「去年の思い出は、やっぱり阪神大賞典が1番ですね。今年の目標はオルフェーヴルとダノンバラードを真っ直ぐ走らせることです」(最多賞金獲得の池江泰寿調教師)
「去年1番印象に残っているのは、ルーラーシップが有馬記念のゲートで立ち上がったこと。ゲートの中で種馬の練習をしないでほしい」(最多勝利の角居調教師)
「(自分は)2012年最多審議対象騎手だと思う。今年の抱負は、斜行・蛇行しないで馬たちをゴールまでエスコートすることです」(最多勝利と最多賞金獲得の岩田騎手)
これらはすべて、先日のJRA賞表彰式で、ご本人が語った言葉(一部省略)です。
でもこれ、裏を返せば、去年の中央競馬は、真っ直ぐ走らなかったりまともにゲートを出なかったりする馬と、馬を真っ直ぐ走らせられない騎手によって席巻されていた、ってことになりませんか?

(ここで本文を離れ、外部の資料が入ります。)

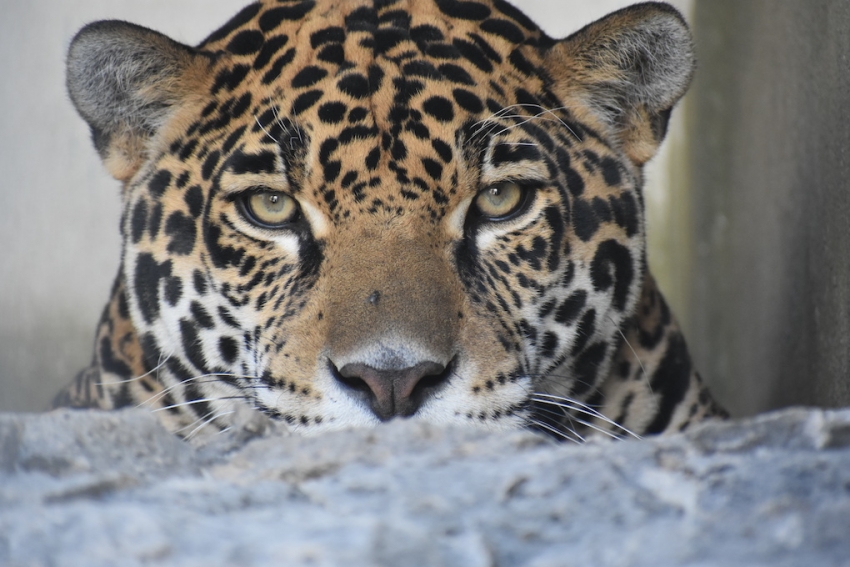 Con sentido de pertenencia, Hidalgo avanza en la conservación del jaguar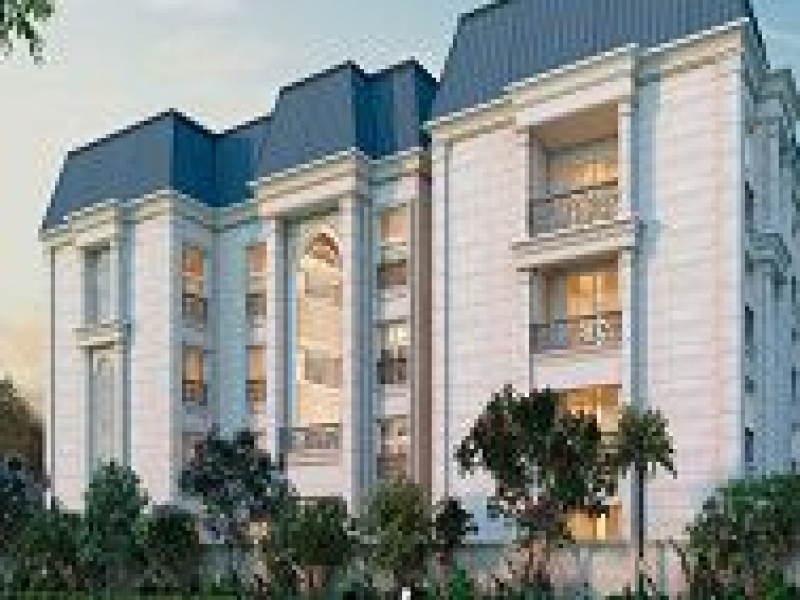GM Palazzo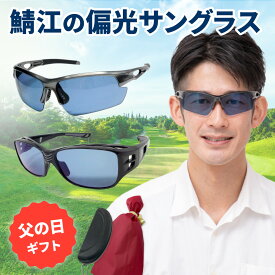 まだ間に合う 父の日 ギフト プレゼント 偏光 ゴルフ スポーツ アウトドア 野球 テニス 釣り 登山 ランニング サイクリング ネオコントラスト テクノロジー ネオグラス サングラス メンズ レディース ユニセックス UVカット ZST001 SC102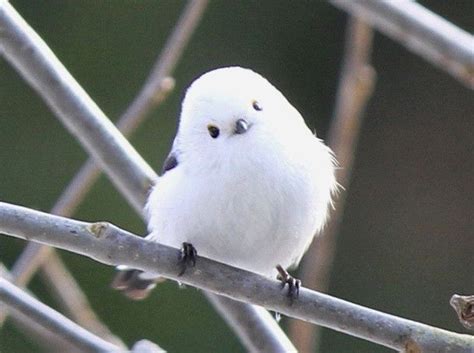 6 Hokkaido Animals that Hide in Snow | Pet birds, Cute animals, Cute birds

アッ、私は決して3人の方々をケナそうとしているわけではありませんよ(私だって“よく噛む”アナウンサーですから)。阪神のマートン選手が「アイ・ドント・ライク・ノウミサン」と語って“問題”となり、さらにこれが大学の“入試問題”に引用されて話題になりましたね。それと同じく、先の私の話もちょっとした“ジョーク”。なので、サラッと流してくださるようお願いします。

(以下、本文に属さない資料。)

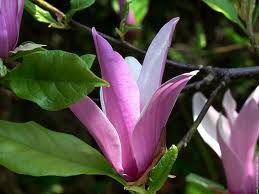 magnolia tres petite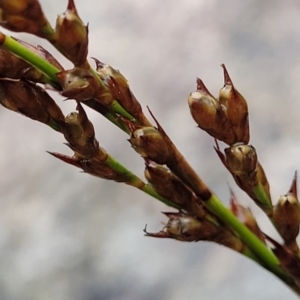 Lepidosperma laterale at Paddys River, ACT - 22 Sep 2022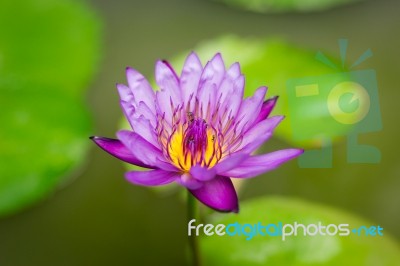 Lotus Flower Stock Photo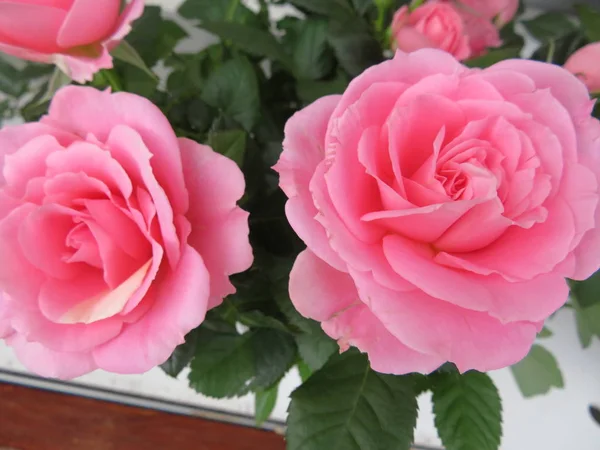 Mooie foto van bloemen van grote schoonheid en goede geur — Stockfoto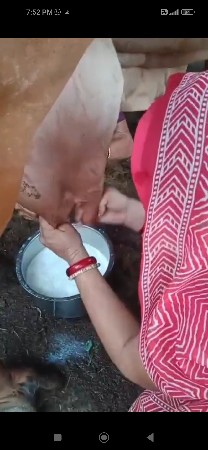 વેચવાની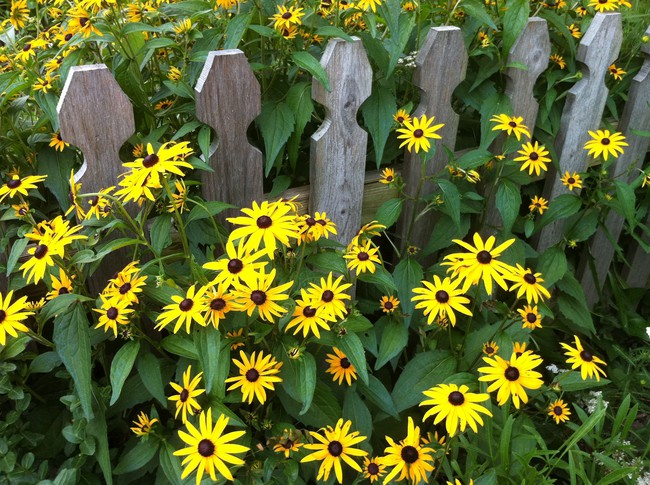 4 ý tưởng trang trí sân vườn bằng các loài hoa cho mùa hè rực rỡ - Ảnh 5.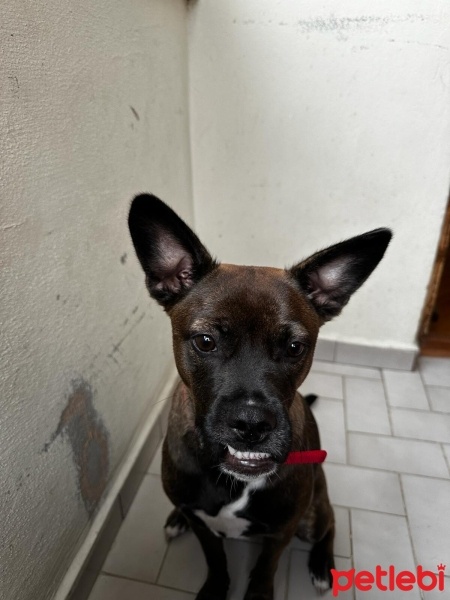 Belçika Malinois, Köpek  Maylo fotoğrafı
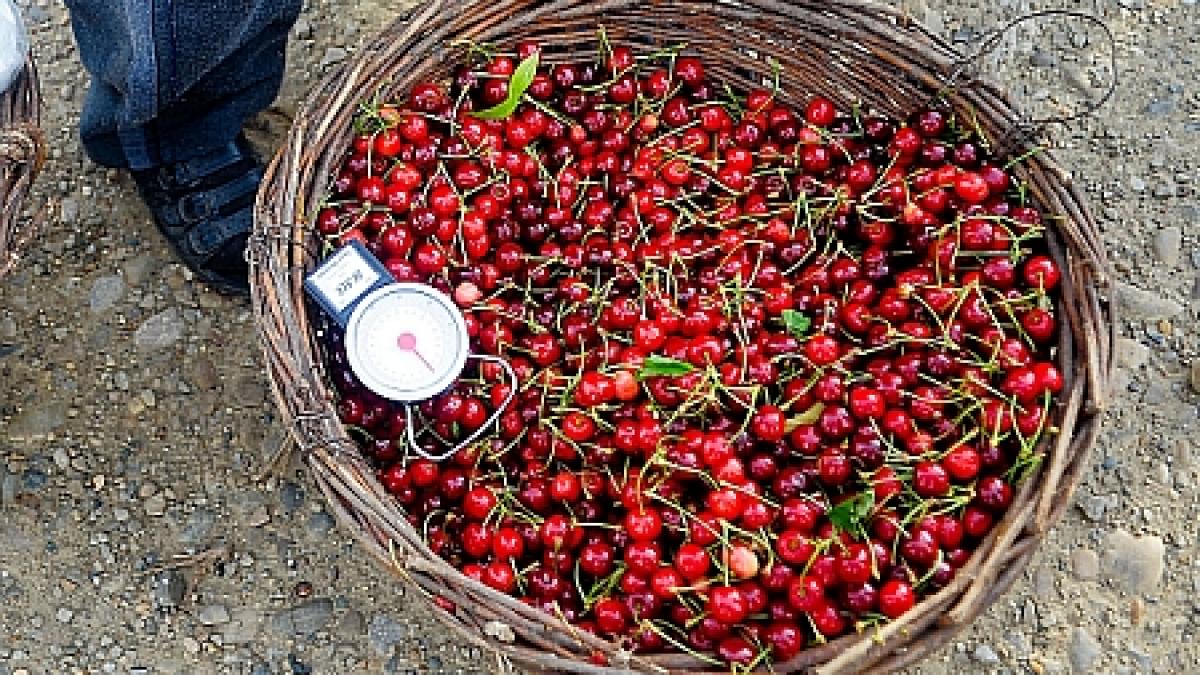 Fructele şi legumele din pieţele româneşti, din ce în ce mai scumpe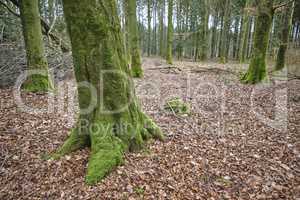 Closeup landscape view of planted trees in a green mysterious forest in nature. Deserted natural woodlands or woods with foliage and greenery during summer. Plants and vegetation in a secluded area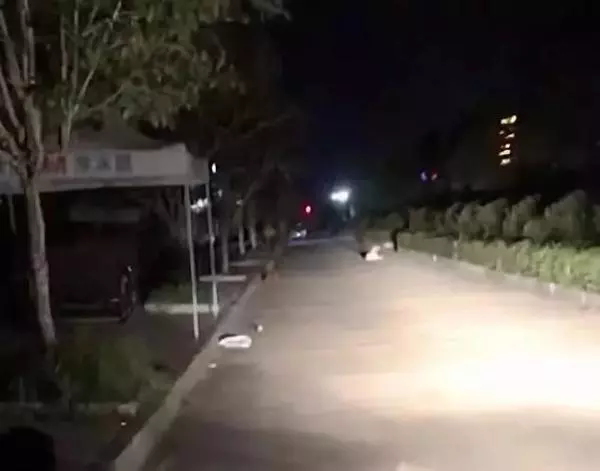 四條惡狗凌晨撕咬拾荒老人:好心人揮棍施救,警方正追查犬主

それはさておき、「癖ある馬に能あり」ということわざがあります。他者とは違う“フツウじゃないところ”があるからこそ、卓越したパフォーマンスを披露できる。今の競馬は、そういう“能ある癖馬”がいるからおもしろい、とも言えるはずです。
ただ、真っ直ぐ走らないこともある馬と、それを御しきれないこともある騎手(どんなに注意していても、という場合も含みます)がいるかぎり、今年のAJCCみたいなことは今後も起きると覚悟しなければなりません。そこであえて“問題発言”級の大胆な提言をさせていただきます。

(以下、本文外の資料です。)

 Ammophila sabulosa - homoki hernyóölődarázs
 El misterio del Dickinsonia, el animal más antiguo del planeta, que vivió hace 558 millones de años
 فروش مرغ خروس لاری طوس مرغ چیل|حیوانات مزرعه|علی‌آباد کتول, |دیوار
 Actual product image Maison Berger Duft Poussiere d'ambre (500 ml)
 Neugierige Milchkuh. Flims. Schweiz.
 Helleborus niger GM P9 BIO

馬券の払戻は、“後検量”に問題がなければ、走行妨害による降着、失格の有無にかかわらず、すべて到達順位に従って行う、としたらいかがでしょう?
レース確定後に禁止薬物の検出で着順変更があっても、馬券の払戻は当初の着順をもとに行われますよね?走行妨害も、これと同じ扱いにしちゃうんです。
他馬の進路をふさぐような斜行があった場合はひとまず審議の対象とし、それが着順変更または失格にあたるものかどうかは、あとでじっくり時間をかけて結論を出す。そのほうがスムーズに事が運ぶんじゃないですか?
「それじゃぁ、日本ダービーの後、すぐに表彰式が行われない時もある?」。そう、それは仕方ありません。表彰式のためにレースをやっているわけじゃないんですから。まぁこれって、“問題発言”どころか、“天下の暴論”なんですけどね。